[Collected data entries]
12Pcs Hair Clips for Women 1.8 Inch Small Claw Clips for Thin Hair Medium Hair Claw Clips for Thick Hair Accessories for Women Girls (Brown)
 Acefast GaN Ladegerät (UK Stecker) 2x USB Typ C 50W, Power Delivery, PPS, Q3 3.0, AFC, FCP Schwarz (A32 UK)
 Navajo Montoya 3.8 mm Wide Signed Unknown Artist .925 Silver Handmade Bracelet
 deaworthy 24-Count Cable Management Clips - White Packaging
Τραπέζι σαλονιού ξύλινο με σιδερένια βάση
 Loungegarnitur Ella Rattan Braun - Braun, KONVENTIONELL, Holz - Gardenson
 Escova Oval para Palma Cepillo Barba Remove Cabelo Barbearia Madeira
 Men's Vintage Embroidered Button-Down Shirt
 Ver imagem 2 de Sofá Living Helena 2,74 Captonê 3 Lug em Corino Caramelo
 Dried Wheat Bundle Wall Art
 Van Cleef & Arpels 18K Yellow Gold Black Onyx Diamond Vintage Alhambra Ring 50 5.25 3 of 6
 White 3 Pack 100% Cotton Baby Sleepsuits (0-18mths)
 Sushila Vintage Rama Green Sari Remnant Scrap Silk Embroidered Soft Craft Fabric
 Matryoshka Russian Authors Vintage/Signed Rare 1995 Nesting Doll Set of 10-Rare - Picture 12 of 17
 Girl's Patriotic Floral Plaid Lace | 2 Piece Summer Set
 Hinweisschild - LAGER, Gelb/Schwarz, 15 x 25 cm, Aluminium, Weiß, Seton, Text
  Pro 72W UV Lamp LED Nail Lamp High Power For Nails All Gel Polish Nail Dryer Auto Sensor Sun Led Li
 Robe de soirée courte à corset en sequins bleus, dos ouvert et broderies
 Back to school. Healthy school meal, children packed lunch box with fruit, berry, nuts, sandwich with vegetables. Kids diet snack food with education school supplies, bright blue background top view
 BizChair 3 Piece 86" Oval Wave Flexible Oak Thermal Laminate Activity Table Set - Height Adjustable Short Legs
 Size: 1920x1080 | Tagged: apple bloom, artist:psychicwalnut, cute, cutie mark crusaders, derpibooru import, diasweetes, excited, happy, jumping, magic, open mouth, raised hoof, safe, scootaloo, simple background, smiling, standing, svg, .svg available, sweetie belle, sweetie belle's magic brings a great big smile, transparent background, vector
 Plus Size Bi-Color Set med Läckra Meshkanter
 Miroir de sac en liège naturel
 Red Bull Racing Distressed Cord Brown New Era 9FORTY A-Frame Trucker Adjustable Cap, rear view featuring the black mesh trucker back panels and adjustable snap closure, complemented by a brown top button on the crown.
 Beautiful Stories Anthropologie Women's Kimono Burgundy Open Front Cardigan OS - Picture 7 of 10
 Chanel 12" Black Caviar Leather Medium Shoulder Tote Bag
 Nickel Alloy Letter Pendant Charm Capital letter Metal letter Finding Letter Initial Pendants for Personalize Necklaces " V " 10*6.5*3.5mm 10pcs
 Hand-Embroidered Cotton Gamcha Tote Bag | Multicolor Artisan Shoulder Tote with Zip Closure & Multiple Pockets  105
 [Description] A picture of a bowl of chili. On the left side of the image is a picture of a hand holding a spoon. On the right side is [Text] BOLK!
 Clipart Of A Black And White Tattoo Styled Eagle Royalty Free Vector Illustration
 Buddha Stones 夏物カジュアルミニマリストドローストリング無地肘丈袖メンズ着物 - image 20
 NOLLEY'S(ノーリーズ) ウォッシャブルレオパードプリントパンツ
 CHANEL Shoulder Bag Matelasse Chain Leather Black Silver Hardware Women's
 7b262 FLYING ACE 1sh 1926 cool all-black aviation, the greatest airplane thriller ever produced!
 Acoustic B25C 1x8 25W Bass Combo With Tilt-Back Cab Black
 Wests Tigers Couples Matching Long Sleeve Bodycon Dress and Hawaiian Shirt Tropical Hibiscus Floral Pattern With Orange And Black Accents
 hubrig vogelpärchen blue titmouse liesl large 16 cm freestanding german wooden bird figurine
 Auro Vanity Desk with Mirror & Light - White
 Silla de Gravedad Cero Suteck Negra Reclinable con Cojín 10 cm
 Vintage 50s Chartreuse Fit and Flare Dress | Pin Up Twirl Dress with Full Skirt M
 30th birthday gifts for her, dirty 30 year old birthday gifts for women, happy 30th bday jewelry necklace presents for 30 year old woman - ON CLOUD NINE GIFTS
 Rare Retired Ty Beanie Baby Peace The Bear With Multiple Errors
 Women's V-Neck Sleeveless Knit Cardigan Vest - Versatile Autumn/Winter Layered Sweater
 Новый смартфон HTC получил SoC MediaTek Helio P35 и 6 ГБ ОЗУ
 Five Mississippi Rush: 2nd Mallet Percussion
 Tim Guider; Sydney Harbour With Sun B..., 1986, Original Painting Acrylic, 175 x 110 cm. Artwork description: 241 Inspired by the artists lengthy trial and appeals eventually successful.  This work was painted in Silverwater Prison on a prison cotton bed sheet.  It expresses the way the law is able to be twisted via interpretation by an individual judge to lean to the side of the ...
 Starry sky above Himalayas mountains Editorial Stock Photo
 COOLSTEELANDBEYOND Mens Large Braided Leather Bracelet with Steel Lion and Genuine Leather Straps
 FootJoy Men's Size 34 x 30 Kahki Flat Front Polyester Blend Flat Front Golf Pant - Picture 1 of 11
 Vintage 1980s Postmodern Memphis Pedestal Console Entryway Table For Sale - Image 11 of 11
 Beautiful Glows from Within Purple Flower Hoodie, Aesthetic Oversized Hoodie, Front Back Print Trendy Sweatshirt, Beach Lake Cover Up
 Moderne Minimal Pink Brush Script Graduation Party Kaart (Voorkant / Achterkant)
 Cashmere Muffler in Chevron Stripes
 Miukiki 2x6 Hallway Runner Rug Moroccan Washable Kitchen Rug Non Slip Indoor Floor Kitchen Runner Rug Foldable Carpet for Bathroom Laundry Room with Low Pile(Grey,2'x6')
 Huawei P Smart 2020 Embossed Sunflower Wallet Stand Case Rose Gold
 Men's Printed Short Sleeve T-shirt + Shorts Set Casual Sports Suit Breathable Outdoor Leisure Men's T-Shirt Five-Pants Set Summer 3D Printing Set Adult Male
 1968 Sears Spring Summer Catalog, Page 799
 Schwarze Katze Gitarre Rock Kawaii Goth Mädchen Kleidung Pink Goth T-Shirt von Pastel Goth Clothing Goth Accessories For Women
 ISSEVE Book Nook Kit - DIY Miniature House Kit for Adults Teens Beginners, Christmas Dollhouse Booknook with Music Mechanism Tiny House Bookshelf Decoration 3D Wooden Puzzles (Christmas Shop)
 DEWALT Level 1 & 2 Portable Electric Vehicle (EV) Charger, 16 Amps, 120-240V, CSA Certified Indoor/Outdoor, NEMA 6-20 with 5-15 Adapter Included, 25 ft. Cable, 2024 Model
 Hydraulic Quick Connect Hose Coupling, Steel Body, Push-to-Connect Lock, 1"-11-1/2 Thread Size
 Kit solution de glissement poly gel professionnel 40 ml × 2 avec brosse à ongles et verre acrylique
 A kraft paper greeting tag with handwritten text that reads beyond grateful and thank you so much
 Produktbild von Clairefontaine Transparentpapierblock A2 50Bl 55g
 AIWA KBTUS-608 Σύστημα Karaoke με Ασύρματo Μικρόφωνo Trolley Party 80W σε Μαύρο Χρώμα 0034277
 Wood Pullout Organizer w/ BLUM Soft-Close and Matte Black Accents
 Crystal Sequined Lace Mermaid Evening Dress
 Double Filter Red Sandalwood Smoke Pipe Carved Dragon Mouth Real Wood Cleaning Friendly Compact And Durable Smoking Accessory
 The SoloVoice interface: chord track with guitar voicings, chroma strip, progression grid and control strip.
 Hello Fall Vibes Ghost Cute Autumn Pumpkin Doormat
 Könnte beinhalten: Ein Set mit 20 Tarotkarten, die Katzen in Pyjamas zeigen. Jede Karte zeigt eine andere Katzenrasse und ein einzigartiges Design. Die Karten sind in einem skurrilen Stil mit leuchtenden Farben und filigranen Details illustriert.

● **EXERCISE**: Nothing but the lines from the one holding "Double Filter Red" to the end of the entries should be output, each exactly as it appears.

● **RESULT OF THE EXERCISE**:
 Double Filter Red Sandalwood Smoke Pipe Carved Dragon Mouth Real Wood Cleaning Friendly Compact And Durable Smoking Accessory
 The SoloVoice interface: chord track with guitar voicings, chroma strip, progression grid and control strip.
 Hello Fall Vibes Ghost Cute Autumn Pumpkin Doormat
 Könnte beinhalten: Ein Set mit 20 Tarotkarten, die Katzen in Pyjamas zeigen. Jede Karte zeigt eine andere Katzenrasse und ein einzigartiges Design. Die Karten sind in einem skurrilen Stil mit leuchtenden Farben und filigranen Details illustriert.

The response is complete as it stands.